The GAMPL Procedure

Computational Method: Multithreading

Threading is the organization of computational work into multiple tasks (processing units that can be scheduled by the operating system). Each task is associated with a thread. Multithreading is the concurrent execution of threads. When multithreading is possible, you can realize substantial performance gains compared to the performance you get from sequential (single-threaded) execution.

The number of threads that the GAMPL procedure spawns is determined by the number of CPUs on a machine and can be controlled in the following ways:

  • You can specify the number of CPUs in the CPUCOUNT= SAS system option. For example, if you specify the following statement, the GAMPL procedure determines threading as if it were executing on a system that had four CPUs, regardless of the actual CPU count:

    options cpucount=4;
    
  • You can specify the NTHREADS= option in the PERFORMANCE statement to control the number of threads. This specification overrides the CPUCOUNT= system option.
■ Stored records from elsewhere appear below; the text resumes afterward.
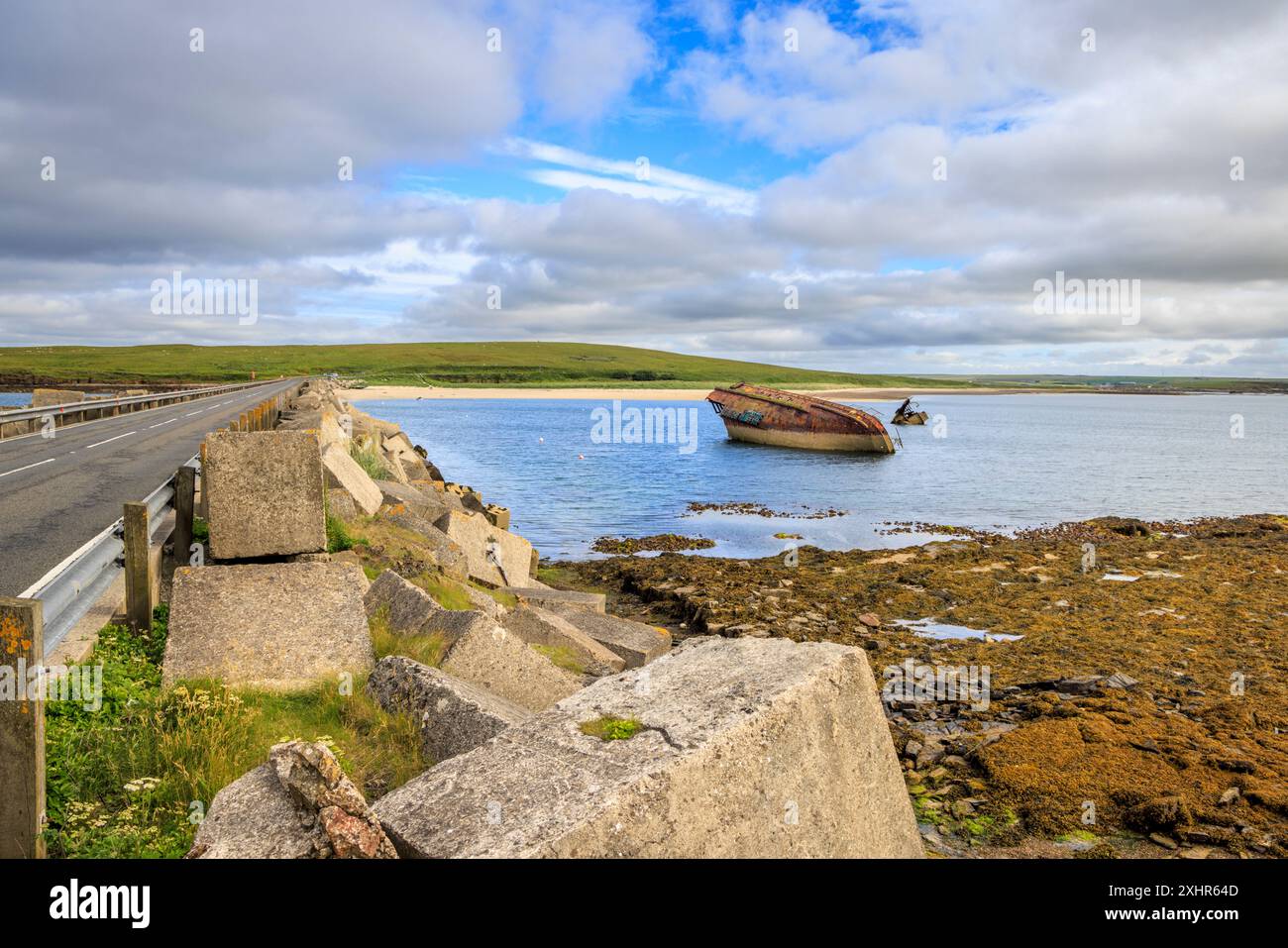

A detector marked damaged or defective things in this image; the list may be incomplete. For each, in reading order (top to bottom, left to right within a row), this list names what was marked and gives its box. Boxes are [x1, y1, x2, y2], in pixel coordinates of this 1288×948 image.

rusted shipwreck [701, 378, 892, 454]
rusted shipwreck [888, 396, 927, 426] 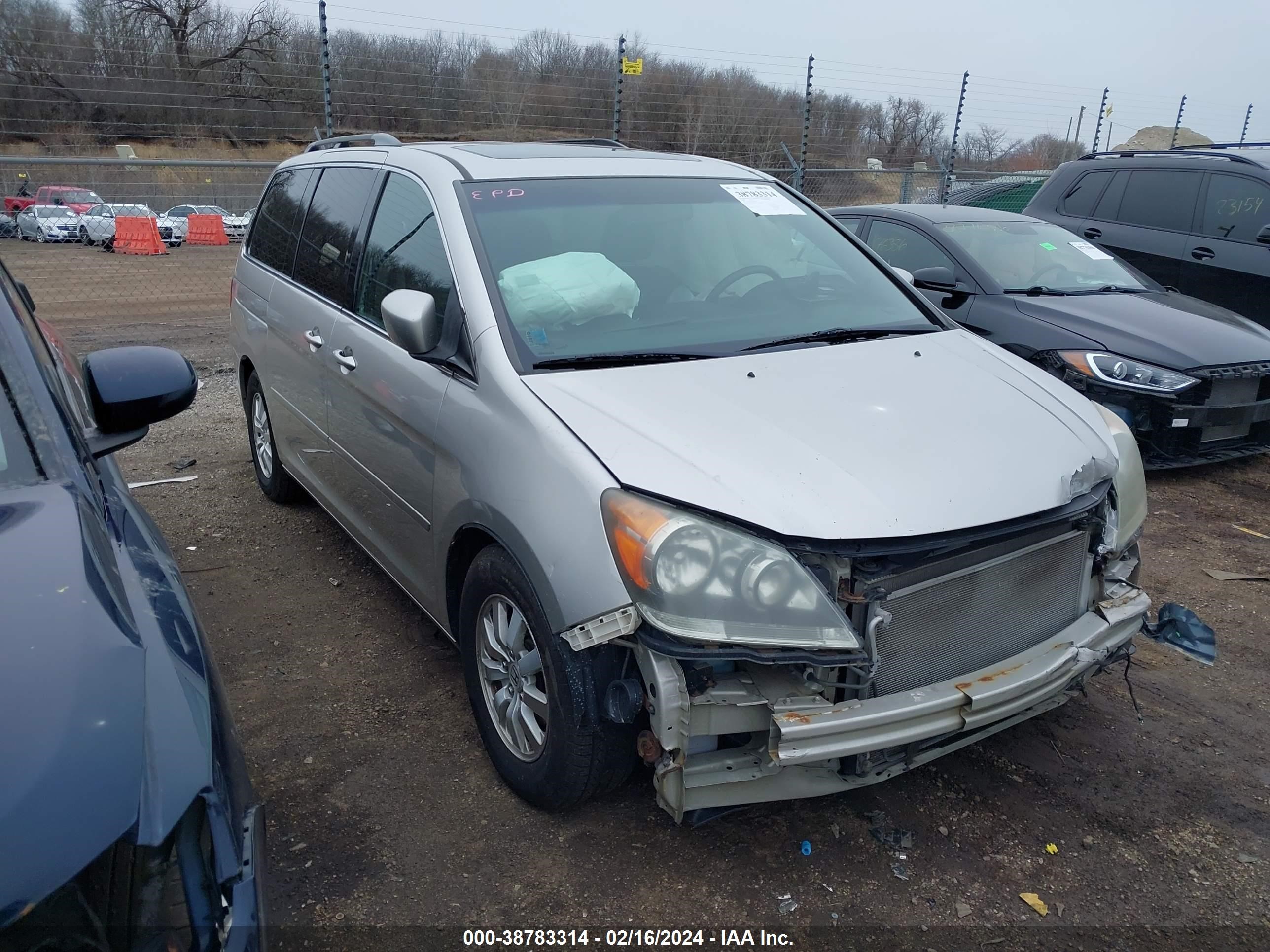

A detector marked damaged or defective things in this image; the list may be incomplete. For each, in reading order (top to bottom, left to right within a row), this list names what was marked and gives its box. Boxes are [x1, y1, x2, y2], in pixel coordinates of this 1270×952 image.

deployed airbag [493, 251, 635, 330]
damaged front end of minivan [571, 406, 1163, 822]
crumpled front bumper [645, 586, 1153, 822] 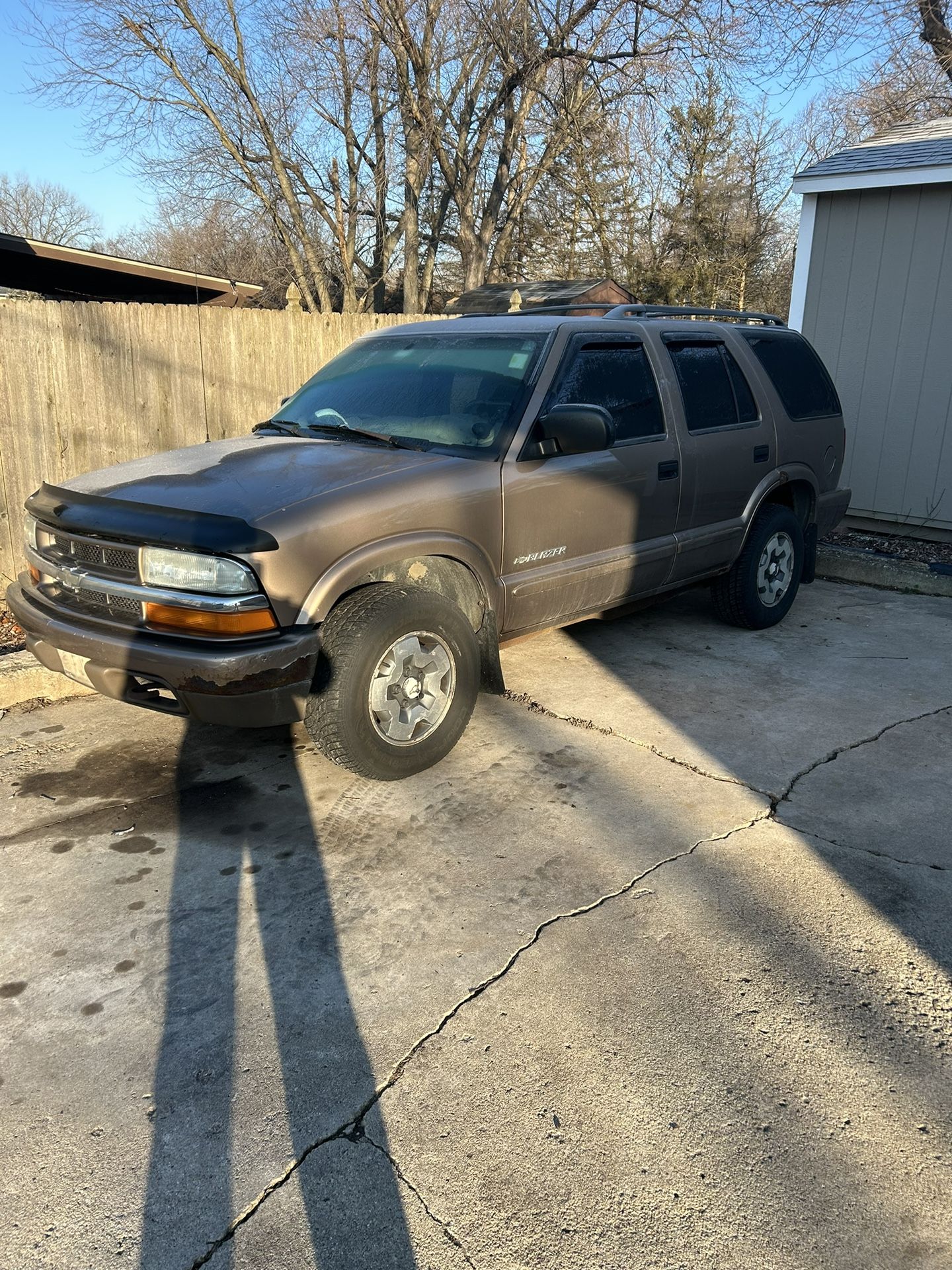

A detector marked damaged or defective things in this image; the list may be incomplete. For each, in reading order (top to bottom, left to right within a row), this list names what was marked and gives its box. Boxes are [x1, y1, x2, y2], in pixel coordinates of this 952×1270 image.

rusted bumper [5, 581, 322, 731]
crack in concrete [508, 691, 766, 787]
crack in concrete [188, 808, 777, 1265]
crack in concrete [360, 1127, 479, 1265]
Specify NTHREADS=1 to force single-threaded execution.

The GAMPL procedure allocates one thread per CPU by default.

The tasks that are multithreaded by the GAMPL procedure are primarily defined by dividing the data that are processed on a single machine among the threads—that is, the GAMPL procedure implements multithreading through a data-parallel model. For example, if the input data set has 1,000 observations and PROC GAMPL is running with four threads, then 250 observations are associated with each thread. All operations that require access to the data are then multithreaded. These operations include the following:

  • variable levelization

  • effect levelization

  • formation of the initial crossproducts matrix

  • truncated eigendecomposition

  • formation of spline basis expansions

  • objective function calculation

  • gradient calculation

  • Hessian calculation

  • scoring of observations

  • computing predictions for smoothing component plots

In addition, operations on matrices such as sweeps can be multithreaded if the matrices are of sufficient size to realize performance benefits from managing multiple threads for the particular matrix operation.